### Assignment
All that is needed is the line containing "privado chorro volador" and the lines after it to the end of the material, written out exactly, pictures left aside.

### Exercise material

==*==

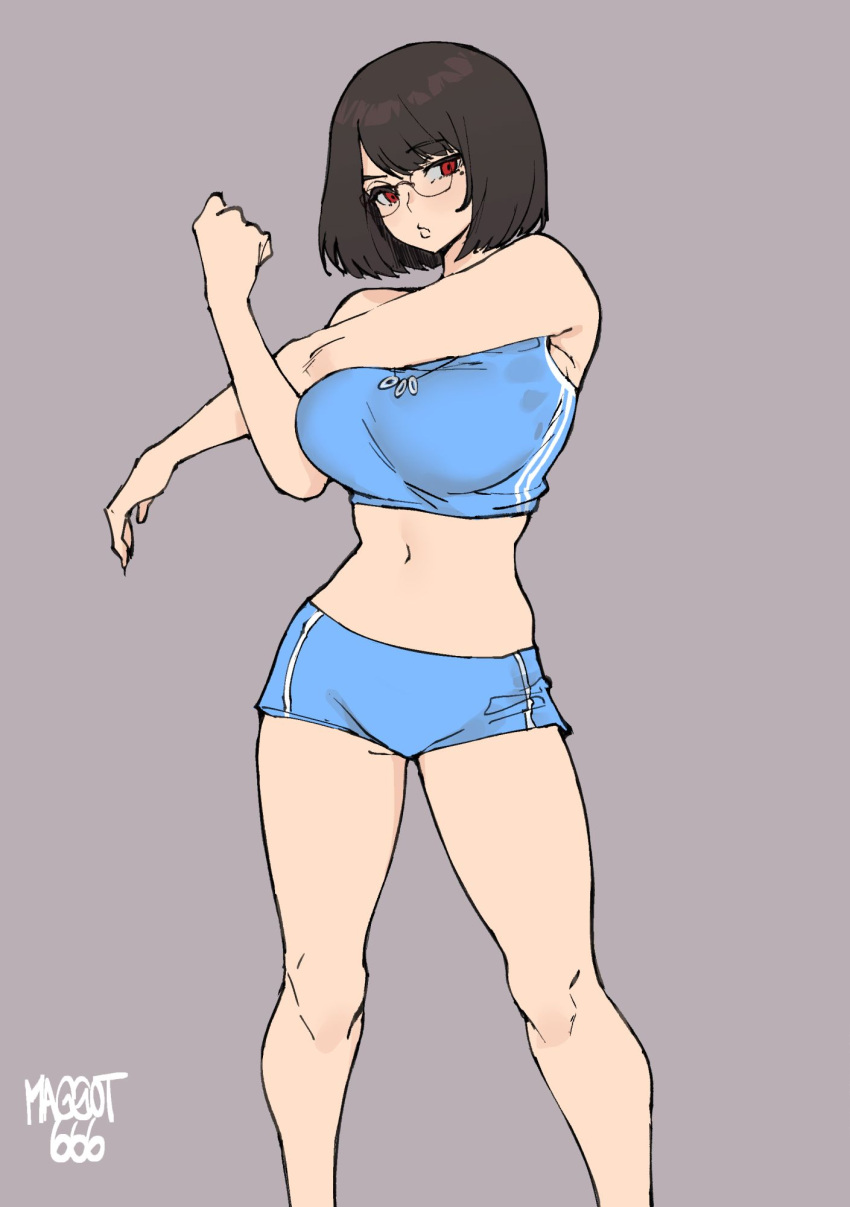 1girl artist_name bangs bare_arms bare_legs blue_bra blue_shorts bob_cut bra breast_suppress breasts brown_hair closed_mouth contrapposto desyana_laurentia feet_out_of_frame glasses highres jewelry knees large_breasts looking_to_the_side medium_hair midriff mole mole_under_eye navel necklace norman_maggot original red_eyes short_shorts shorts simple_background solo sports_bra sportswear stretching swept_bangs underwear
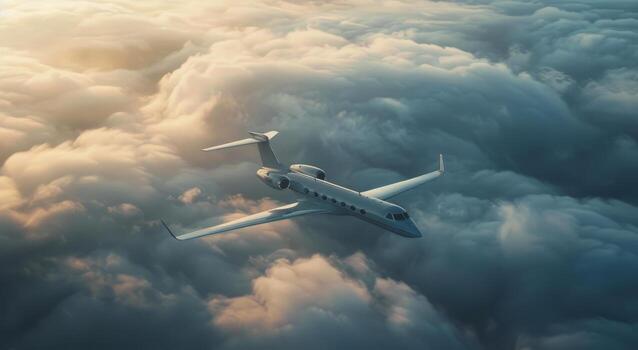 privado chorro volador encima nubes durante tiempo de día foto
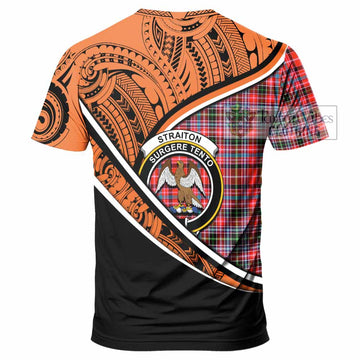 Straiton Crest Tartan T-Shirt with Polynesian Vibes Style - Orange Version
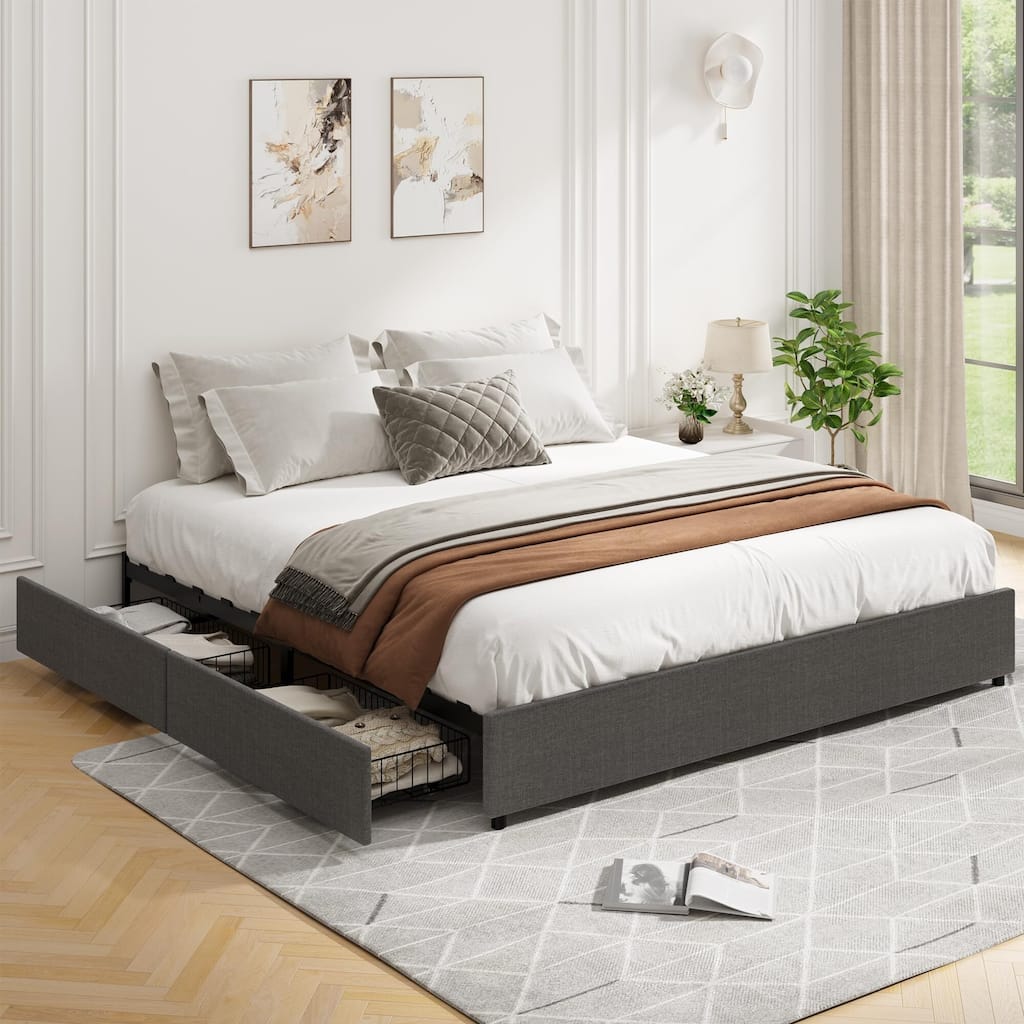 Platform Bed Frame, Fabric Upholstered with 4 Storage Drawers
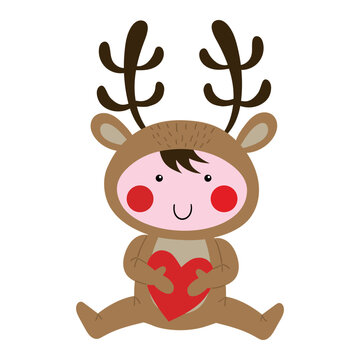 Baby dressed as a Rudolph catching a heart , Christmas illustration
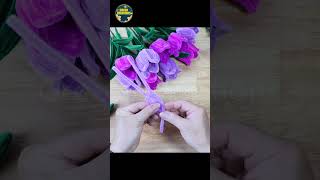 DIY craft ideas# make a Tulip flower with velvet wire#Pipe Cleaner Flowers#Pipercleaners#hanmade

==*==

### Answer area
 privado chorro volador encima nubes durante tiempo de día foto
 Straiton Crest Tartan T-Shirt with Polynesian Vibes Style - Orange Version
 Platform Bed Frame, Fabric Upholstered with 4 Storage Drawers
 Baby dressed as a Rudolph catching a heart , Christmas illustration
 DIY craft ideas# make a Tulip flower with velvet wire#Pipe Cleaner Flowers#Pipercleaners#hanmade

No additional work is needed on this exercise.